The first weekly review of gold shows that sentiment from both Wall Street analysts and Main Street investors is overwhelmingly bullish, with many analysts suggesting it is only a matter of time before reaching the $2,000 an ounce target.
"There is a gravitational pull to $2,000 and will only build as prices continue to move higher," said Phillip Streible, chief market strategist at Blue Line Futures.
While momentum favors higher prices, analysts advise investors not to chase the market.
Streible believes that gold will rise and plans to buy from the pullback.
Daniel Pavilonis, senior commodities broker with RJO Futures, said he is also bullish on gold but advised investors not to buy at current levels.
Last week, 18 Wall Street analysts took part in the gold survey. Among the participants, 11 analysts, or 61%, were bullish in the short term. At the same time, three analysts, or 17%, are bearish, and four analysts, or 22%, believe prices are trading sideways.
Meanwhile, 825 votes were cast in online polls. Of these, 524 respondents, or 64%, expected gold prices to rise this week.

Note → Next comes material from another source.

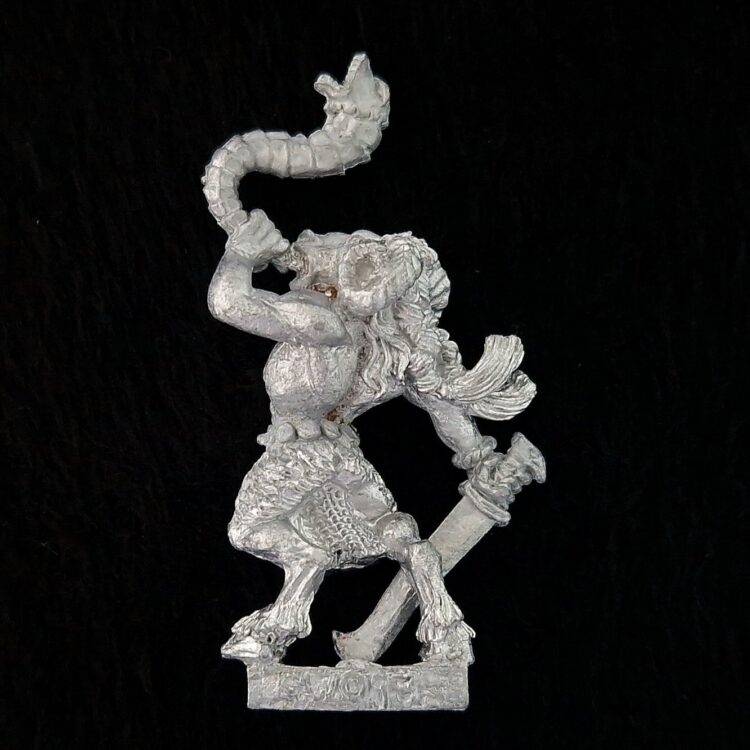 A photo of a Beasts of Chaos Beastmen Musician Warhammer miniature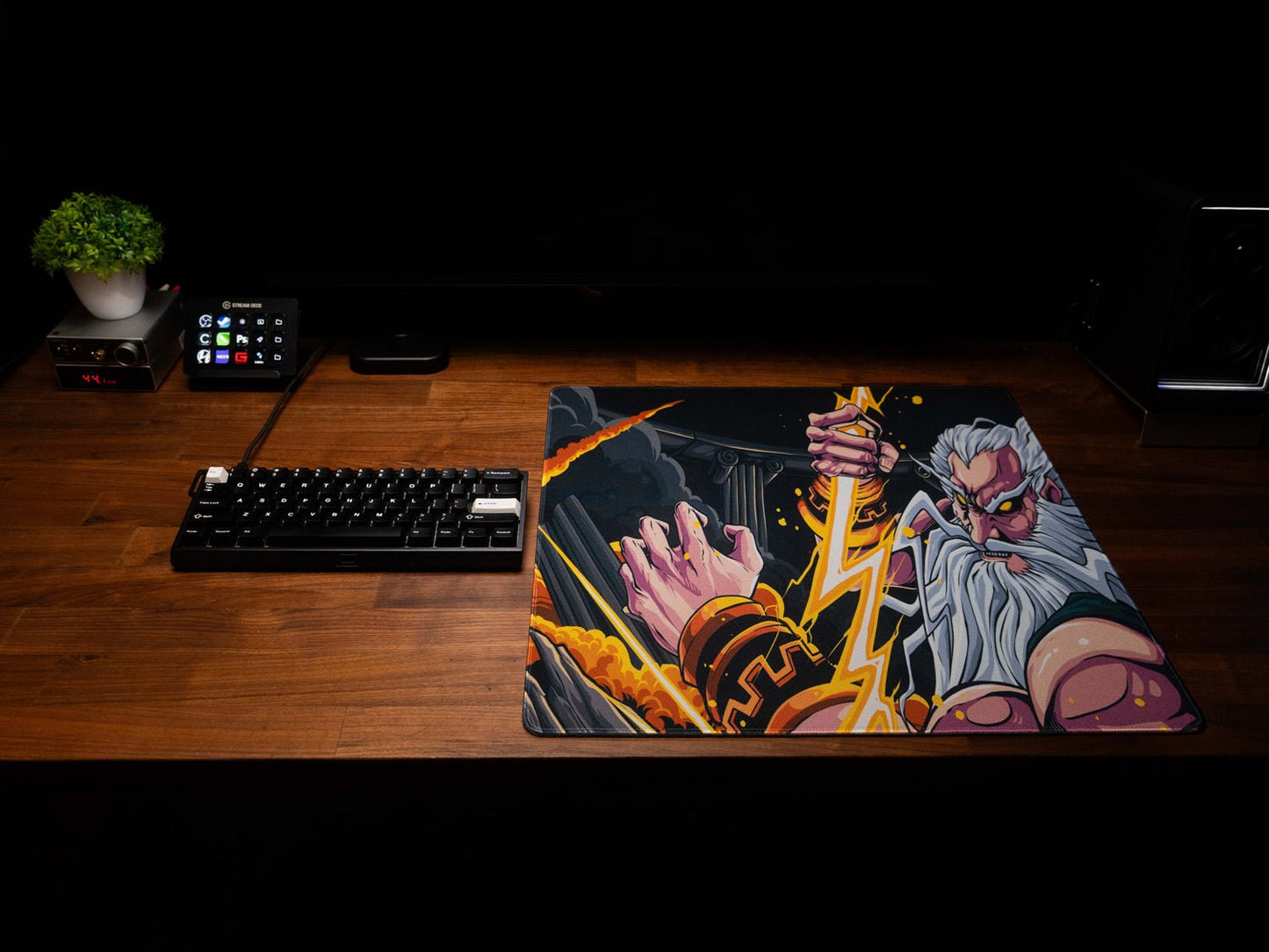 Greek Myth Zeus - Omni Pro Deskmat - MacvethOS Artisan Deskmat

Another 190 voters, or 23%, said the price would go down, and 111 voters, or 13%, were neutral.
Some analysts say the change in expectations for the Federal Reserve's aggressive monetary policy remains the biggest bullish factor for gold. Those analysts say that lower inflationary pressures have given the Federal Reserve room to further slow its pace of rate hikes next month, with bond yields and the U.S. dollar somewhat reversing last year's massive upward trend.
Kevin Grady, president of Phoenix Futures and Options, said the momentum of the U.S. dollar is turning bearish as market expectations change. He added that while gold could reach excessive levels, it still has upside potential.
According to Grady, the bond market will decline and that is beneficial for gold.
However, not all analysts are convinced that gold will be able to maintain the current momentum. Ole Hansen, head of commodity strategy at Saxo Bank, said that despite his optimism for gold, there are growing risks of price consolidation at current levels.
And Colin Cieszynski, chief market strategist at SIA Wealth Management, said he is neutral on gold in the near term.